Barmen

Chambers's Encyclopaedia, Volume 1: A to Beaufort, p. 744–745

Barmen, a busy town in the district of Düsseldorf, Rhenish Prussia, extending in the beautiful valley of the Wupper for about 4 miles from close to Elberfeld almost to Langenfeld. It consists of a group of villages and three chief parts now connected together—Upper, Middle, and Lower Barmen—which united form the town of Barmen. Nowhere in Germany is so much manufacturing industry accumulated in a single spot. Barmen is the principal seat of the ribbon-manufacture on the Continent.
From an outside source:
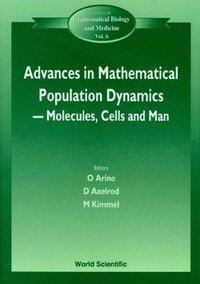 bokomslag Advances in Mathematical Population Dynamics -- Molecules, Cells and Man - Proceedings of the 4th International Conference on Mathematical Population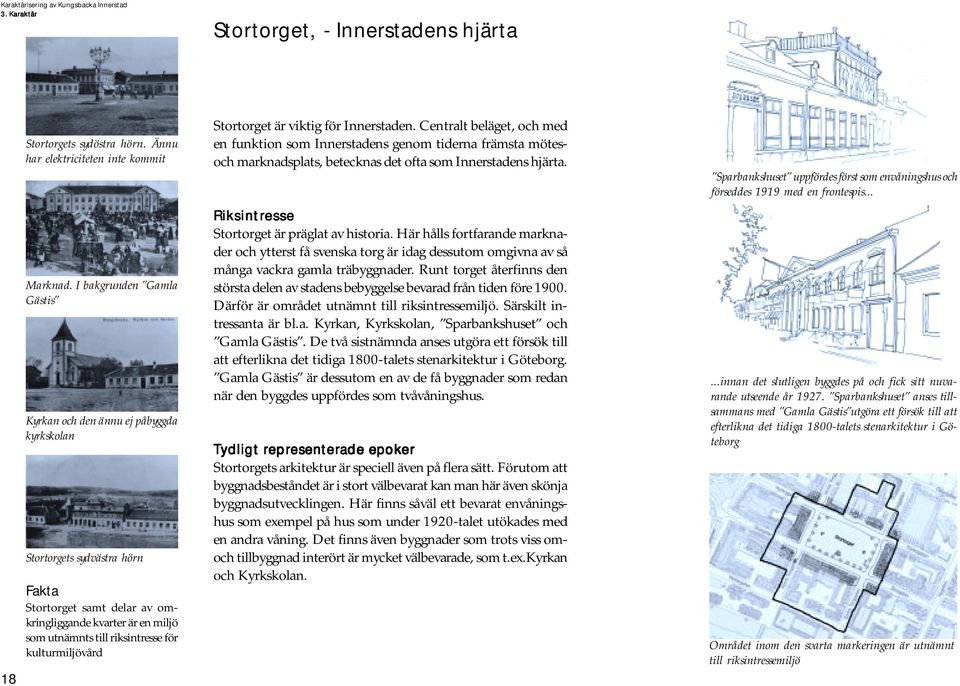 kulturmiljövård Stortorget är viktig för Innerstaden. Centralt beläget, och med en funktion som Innerstadens genom tiderna främsta mötesoch marknadsplats, betecknas det ofta som Innerstadens hjärta.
Its fabrics go to all parts of the world. It produces linen, woollen, cotton, silk, and half-silk ribbons, cloth of various kinds, stay-laces, and thread. It has also considerable manufactures of soap, candles, metal wares, buttons, machinery, and pianofortes. There are, besides, in the valley, numerous bleach-fields and Turkey-red dye-works. Its workmen number 20,000, and the annual value of its manufactures is as much as £6,000,000. Barmen is a great missionary centre, and possesses the mission-house and seminary of foreign missions belonging to the Rhenish Missionary Society. Most of its inhabitants (in 1871, 74,947; in 1890, 116,144) are Protestants—only 15,000 being Catholics.